Tiba-tiba aku seperti mendengar suara ibu. Celah masih terbuka, dan
aku putuskan untuk tetap maju walau tanpa ibu lagi. Mimpi dan asa ibu tetap
bersamaku. Aku akan selalu menjaga mimpi ini. Mimpi aku dan ibu.
Sekarang, aku mulai pahami apa itu mimpi. Mimpi adalah asa, harapan
yang harus diwujudkan. Akan kuperjuangkan asa-asa yang sempat tergadaikan.
Meski hati ini hancur karena harus kehilangan seseorang yang selama ini menjadi
inspirasiku. Ibuku meninggal karena penyakit paru-paru yang selama ini
mengerogoti tubuhnya. “Sepotong mimpi ini akan kuwujudkan Bu” batinku menyemangati
langkahku.
Walau mimpiku telah terpotong dengan perginya ibu, dan aku belum
sempat membuatnya bahagia dengan tidak menjadi buruh cuci lagi. Saat itu aku
melihat tubuhnya terkulai kaku diantara tumpukkan cucian, tubuhnya basah kuyup.
Aku tersungkur, terisak, tak tahu harus berbuat apa. Aku hanya melihat wajahnya
yang pucat, garis-garis dipipinya dengan rona lelah. Aku tak tega melihatnya.
Saat itu aku sangat tidak berdaya. Hanya butir-butir cinta dan asaku yang terus
mengalir entah sampai kapan.
Walau hatiku telah hancur dan
tak mampu menyatukannya kembali menjadi hati yang utuh, aku tetap harus
berjuang. Untuk tidak menjadi orang yang biasa-biasa saja. Meski
langkah-langkah ini digelayuti keraguan. Aku terus mencoba yakinkan tapak-tapak
kecil untuk memberanikan diri menjadi bintang.
Dengan atau tanpa rasa sadar, kini aku benar-benar sendiri. Walau
aku masih yakin akan ada celah untuk bintang. Tapi kini, aku benar-benar
bingung. Akan kemana aku tanpa bu?
tanyaku pada hati. Orang yang selama ini mengajariku tentang hidup. Orang yang
selama ini menunjukkan setiap langkah-langkahku kini telah tiada. Aku mulai
terdiam. Merenungi nasibku saat ini. Tanpa ayah, tanpa ibu, tanpa sanak saudara
dan tanpa siapapun. “Aku memang sendiri ‘ gumamku. Tapi hatiku tidak, ternyata
aku masih punya Tuhan.

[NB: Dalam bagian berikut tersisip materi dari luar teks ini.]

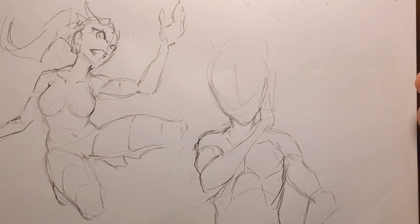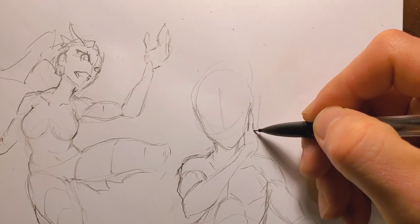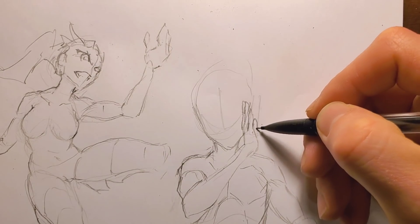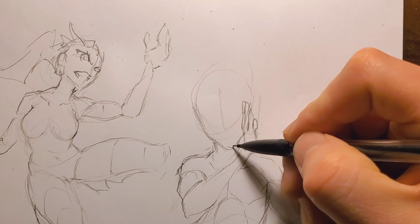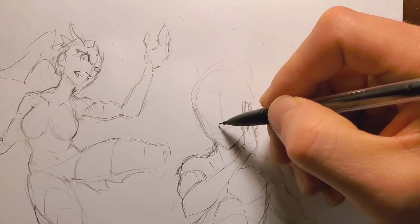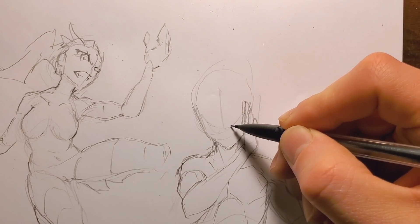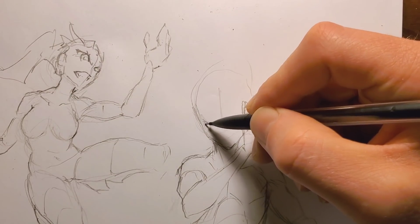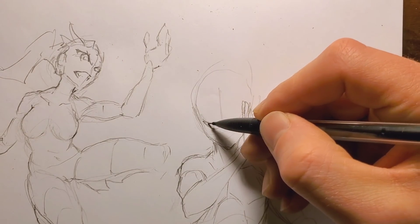Let's go in here and do the fingers — I wasn't going to put them in but might as well at this point. Put a thumb over there, then sharpen the chin a little bit. Maybe I'll make this eye closed and this one look a little bit menacing.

Yang kata ibu, DIA akan selalu menolong dan membantu
hamba-Nya yang memohon pada-Nya dan menaati-Nya.
Semilir angin segar mulai merasuki pori-pori tubuhku yang masih
terlentang di atas dipan berukuran kecil. Sambil memeluk baju ibu yang masih
lekat dengan aroma khasnya. Kokokan ayam saling bersahutan. Aku terbangun
dengan tubuh masih lemah, langkah layu dan masih dengan mimpi yang sama.
***
Setelah dua bulan aku hidup sendiri dengan belas kasihan
tetangga-tetanggaku. Aku memberanikan diri untuk mengadu nasib di kota. Kata
Pak Soleh yang kerja dikota, ada teman majikannya yang sedang mencari orang untuk
menjaga warung bakso. Pak Soleh menawarkan pekerjaan itu padaku, tanpa pikir
panjang aku pun mengiyakannya.
Setelah kurang lebih satu bulan aku bekerja disana, aku masih
menyempatkan diri untuk membaca. Disela-sela kesibukan melayani pelanggan
baksoku. Buku-buku SMA yang pernah kubeli dulu selalu kubawa. Karena memang
seharusnya aku saat ini sekolah. Tapi tak apalah walau harus belajar dengan
keadaan seperti ini. Sesekali Pak Ramdan pemilik warung bakso tempatku bekerja
memergokiku sedang membaca.
“Baca apa tang?” tanyanya kala itu. “Aku sedang belajar Pak” sahutku
sekenanya.
Entah karena kasihan atau empati padaku, Pak Ramdan menawariku untuk
melanjutkan sekolah SMA. Aku sangat bahagia dan terharu. Asaku tumbuh kembali,
sepotong mimpiku semakin mungkin untuk diwujudkan.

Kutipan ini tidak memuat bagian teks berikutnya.